Unfortunately for him, the Sonnen fight served to completely undo a lot of what he’d accomplished. The American hero, that the UFC has so obviously been behind, was left battered and bruised after being outwrestled and choked out in a little over a round.
Not exactly what the company was hoping for. Probably even less so what Stann was hoping for.
However it really begs the question: was Brian Stann fool’s gold all along?
If you look at his UFC matchups since dropping to middleweight, most of them have been favourable. That’s not an attack or designed to be abrasive, it’s reality. Look at the list:
Mike Massenzio, a guy who has been hanging on like grim death just to stay on the roster. Stann finished him via triangle, establishing his ground game against a guy who likely only knew of triangles from math and music before being caught in one.
Chris Leben, the come-forward-no-matter-what slugger that Stann politely called out in an earlier effort to fight a name guy and get on the map. Mission accomplished, as he stopped Leben early in the first round. Still, it’s a guy you knew wouldn’t test anything other than his standup, and it made him look good in a big way.

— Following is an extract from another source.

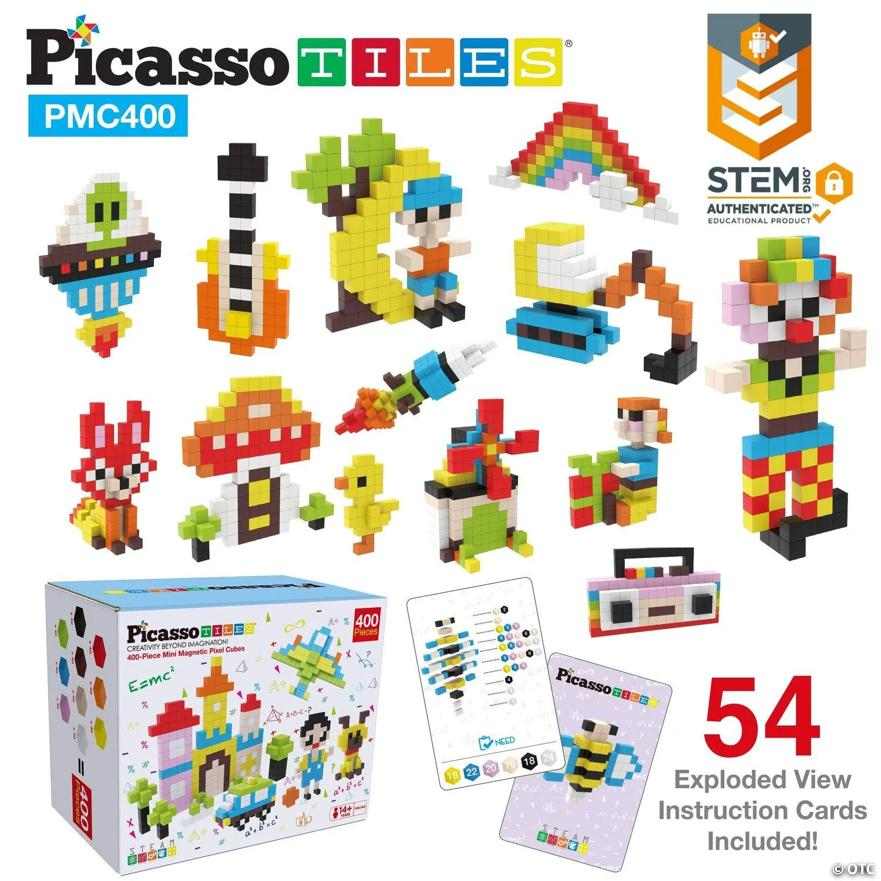 PicassoTiles 400 PC Magnetic Blocks, Magnetic Building Blocks STEM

Jorge Santiago, a fresh face with decent standup but without the durability to take Stann’s considerable punching power. Also enough hubris to try and fight fire with fire instead of fighting smart, which is what led to him being steamrolled by the former Marine.
So really, when you put him in there against Sonnen it was no wonder that he’d catch a beating. He seems like a good guy, and is unquestionably a great ambassador for the sport, but his accomplishments on the battlefield perhaps accounted for him being rushed along a little, just as much as those in the octagon did.
Everyone likes a good story, and Brian Stann is that. He’s the type of guy who is seemingly good at everything he does, and people respect his abilities no matter what they’re being applied to. In this case, he still has respect in his ongoing pursuit of success in MMA, but he’s further away than people realize.
Brian Stann was fool’s gold going into UFC 136. It was proven when he was so thoroughly outclassed by a man many consider to be nipping at Anderson Silva’s heels as best middleweight in the world. People—the UFC included—thought Stann was better than he was, and that injustice cost him a sound beating and a big loss.
He needs to get back in the gym and work on his wrestling and ground game, and then get matched up with a guy who can test it without the relentlessness and ferocity of Sonnen. Demian Maia comes to mind as a guy who makes a lot of sense, but there are others as well.
It was too far, too fast for Stann in the past year, and Saturday night officially marked the stopping point of that journey. Like most, I look forward to the reset that will follow, and the evolution he’ll go through to become better.